Belleair Bluffs had two choices: Raise taxes to make up the lost revenue or kill the department and outsource fire protection.
Arbutine said keeping the department would have meant tripling the property tax rate. Or, he could let Largo do the job for $244,225 a year.
As part of the deal, Largo agreed to hire all 12 firefighters, eight of whom would get raises. Otherwise, nothing else would change — the same firefighters would continue working out of the Belleair Bluffs department. The only step left was a voter referendum, scheduled for Sept. 1.
Competelli appeared to buy into the idea, telling residents they "should vote to allow Largo Fire Rescue to provide fire and EMS services to your city." He went on to praise Largo as a world class organization that could "provide much more equipment for less money."
Competelli never mentioned safety concerns nor did he question whether response times would increase.
That was June 30. Over the next few weeks, the situation between Competelli and Arbutine became increasingly strained. Arbutine has said Competelli threw a pen at him during one heated debate and had to be escorted from the council meeting by a deputy. Competelli has denied throwing a pen.
Competelli said Wednesday that he changed his mind about the consolidation when he realized some of that city's officials were misrepresenting EMS figures. Competelli also charged that Arbutine had failed to send budgets to the county in an effort to make it impossible to retain the department and had even said, "we are going to make this so expensive that the citizens will have to vote for it."
Competelli and Belleair Bluffs Council member Suzy Sofer also met with officials from Belleair.
"He was telling me one thing while he was meeting with the city manager and town of Belleair to try to get them to renege on the contract with Largo," said Mike Wallace, Largo's fire chief. "He was not an honest broker in the end."
Competelli wrote a memo Monday raising those issues as well as safety concerns about response times. He said the city should not give up its department.

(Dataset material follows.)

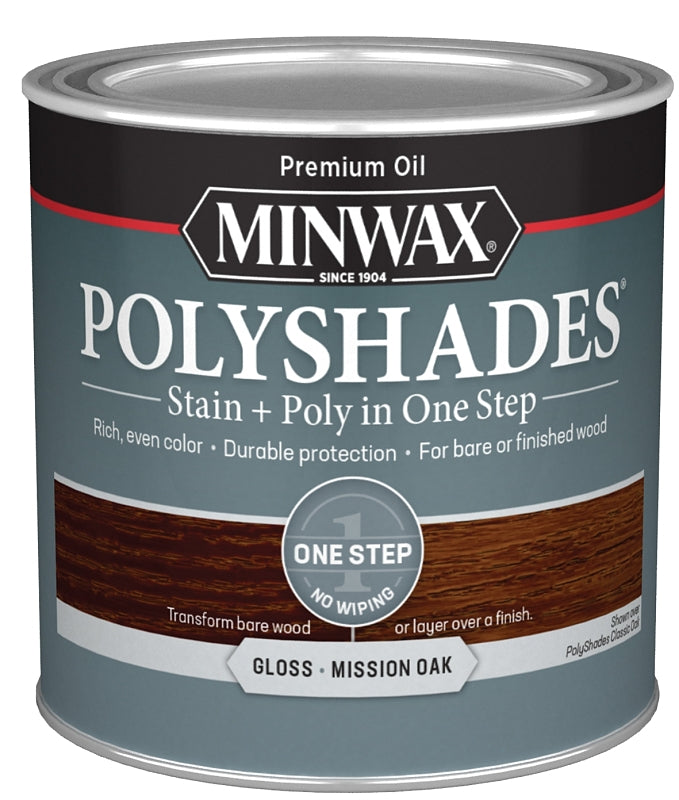 Minwax PolyShades 214854444 Wood Stain and Polyurethane, Gloss, Mission Oak, Liquid, 0.5 pt, Can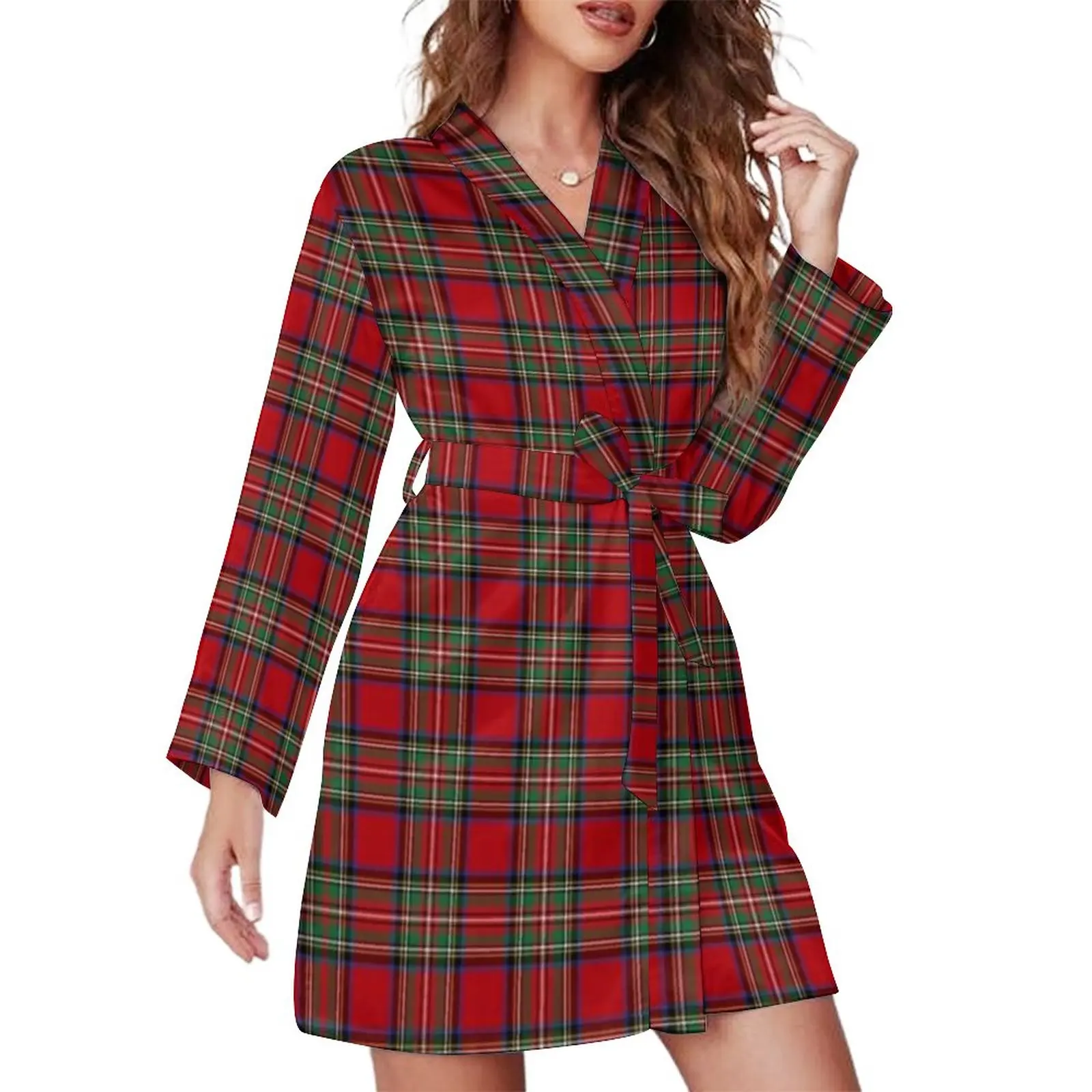Royal Tartan Plaid Pajama Robe Red Green ClassicTraditional Long Sleeve Kawaii Pajamas Robes Womens V Neck Comfortable Nightgown 
Royal Tartan Plaid Pajama Robe Red Green ClassicTraditional Long Sleeve Kawaii Pajamas Robes Womens V Neck Comfortable Nightgown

Wallace said he's unsure why safety issues are being raised now when the deal, which provides the same staffing from the same building as currently exists, has not changed since June 30.
One item that did come up was Competelli's future. Wallace said Competelli wanted to be chief of another department or at least a management-level chief with Largo.
Wallace offered Competelli an entry-level, code enforcement job at $38,000 a year, less than half the $85,000 salary he's earning in Belleair Bluffs.
"He didn't even want to consider a starting salary, entry-level position," Wallace said.
That offer was made after Competelli's June 30 speech endorsing the Largo deal.
Competelli said Thursday that he did not want to "get into" details of the employment offer but that it had nothing to do with his change of heart. The safety concerns came about when he heard Largo might build a new station earlier than originally stated. A new station in another location could increase response times, he said.
Competelli maintained he did nothing wrong. His goal, he said, was to bring accurate information to Belleair Bluffs residents.
"My mother brought me up a whole lot better than to stand by and let misinformation go out to the public," Competelli said. "I feel that I was wrongly terminated."
Arbutine saw the memo and Competelli's actions as an attempt to undermine the council's orders that he prepare the department for the transition. And, on Wednesday, two council members — Jack Nazario and Hunt Brand — sided with the mayor. The other two — Suzy Sofer and Joseph Barkley — voted not to fire Competelli.